Source information:
* * * * * * * * *
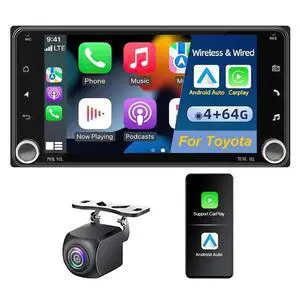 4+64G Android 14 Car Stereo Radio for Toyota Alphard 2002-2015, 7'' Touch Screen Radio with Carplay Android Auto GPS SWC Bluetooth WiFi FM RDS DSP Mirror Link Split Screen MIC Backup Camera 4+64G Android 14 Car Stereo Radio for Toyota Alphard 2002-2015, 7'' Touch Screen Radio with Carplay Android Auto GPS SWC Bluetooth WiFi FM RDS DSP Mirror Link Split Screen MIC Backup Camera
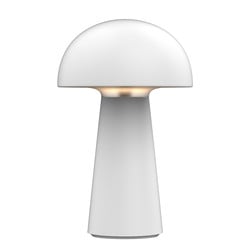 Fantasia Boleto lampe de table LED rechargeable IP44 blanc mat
* * * * * * * * *
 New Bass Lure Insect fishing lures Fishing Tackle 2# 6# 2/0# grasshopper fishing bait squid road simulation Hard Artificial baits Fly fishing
* * * * * * * * *
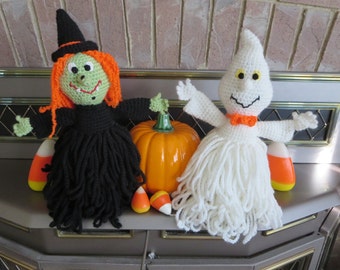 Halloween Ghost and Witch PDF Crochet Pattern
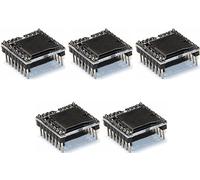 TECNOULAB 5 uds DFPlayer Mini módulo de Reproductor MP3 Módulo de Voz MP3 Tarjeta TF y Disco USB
* * * * * * * * *
Work order: Copy exactly the material above from the line with "Backup Camera 4+64G" to the line with "Fantasia Boleto lampe", ends included, and nothing else. Leave out any picture.

Solution:
 4+64G Android 14 Car Stereo Radio for Toyota Alphard 2002-2015, 7'' Touch Screen Radio with Carplay Android Auto GPS SWC Bluetooth WiFi FM RDS DSP Mirror Link Split Screen MIC Backup Camera 4+64G Android 14 Car Stereo Radio for Toyota Alphard 2002-2015, 7'' Touch Screen Radio with Carplay Android Auto GPS SWC Bluetooth WiFi FM RDS DSP Mirror Link Split Screen MIC Backup Camera
 Fantasia Boleto lampe de table LED rechargeable IP44 blanc mat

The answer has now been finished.